» What is being asked
The answer must consist solely of the lines from the one with "Cast Iron Christmas Nutcracker On Wood Base" through the last line of the data, copied exactly, with no pictures.
■ ■ ■ ■
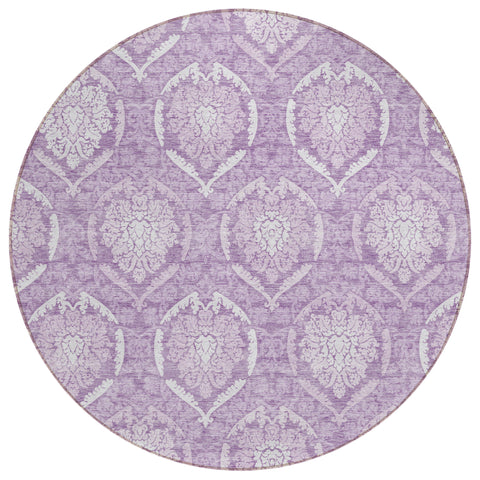 8' Plum Purple And Ivory Round Medallion Washable Indoor Outdoor Area Rug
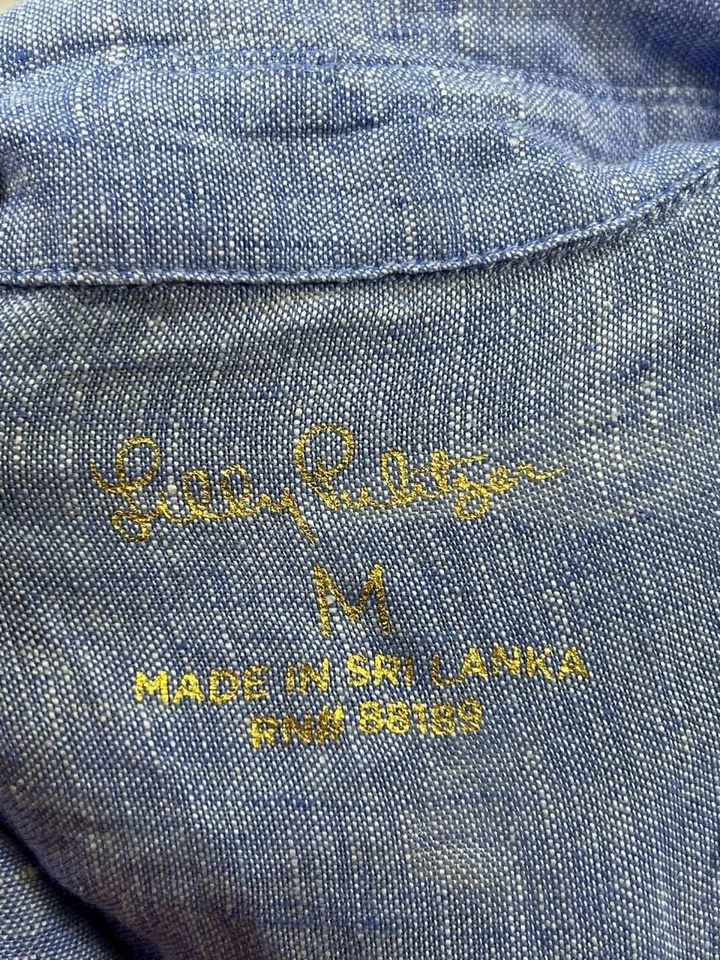 Camisa Lilly Pulitzer Mujer Mediana Azul Lino Blusa Abotonada Foto 3 de 4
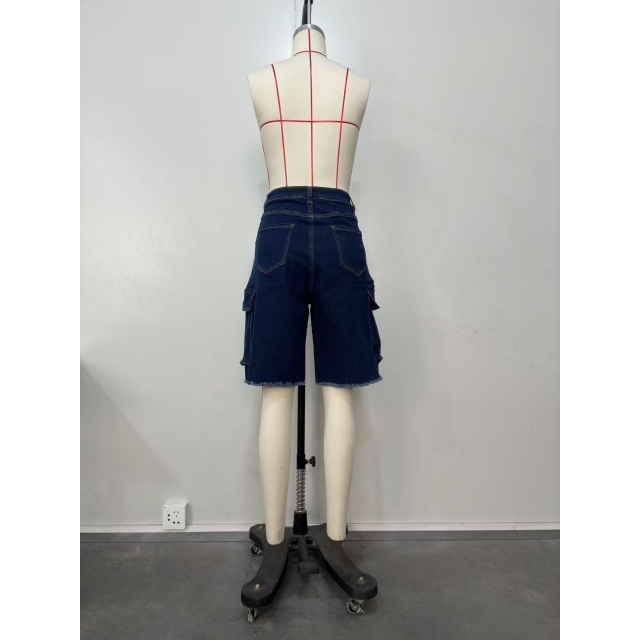 Ripped Pockets Denim Cargo Jeans
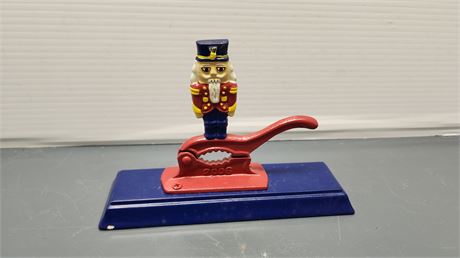 Cast Iron Christmas Nutcracker On Wood Base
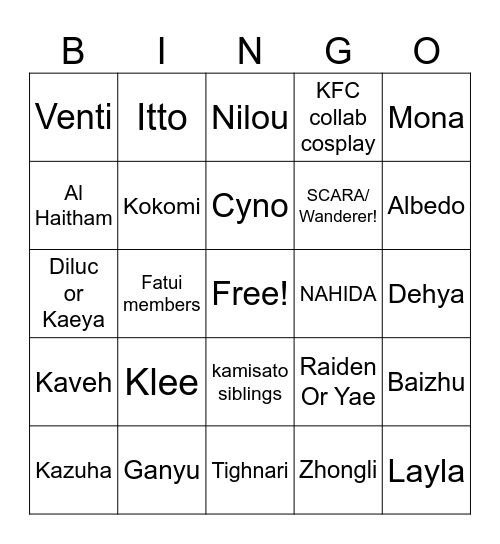 Genshin Cosplays Bingo Card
■ ■ ■ ■
» Task result
 Cast Iron Christmas Nutcracker On Wood Base
 Genshin Cosplays Bingo Card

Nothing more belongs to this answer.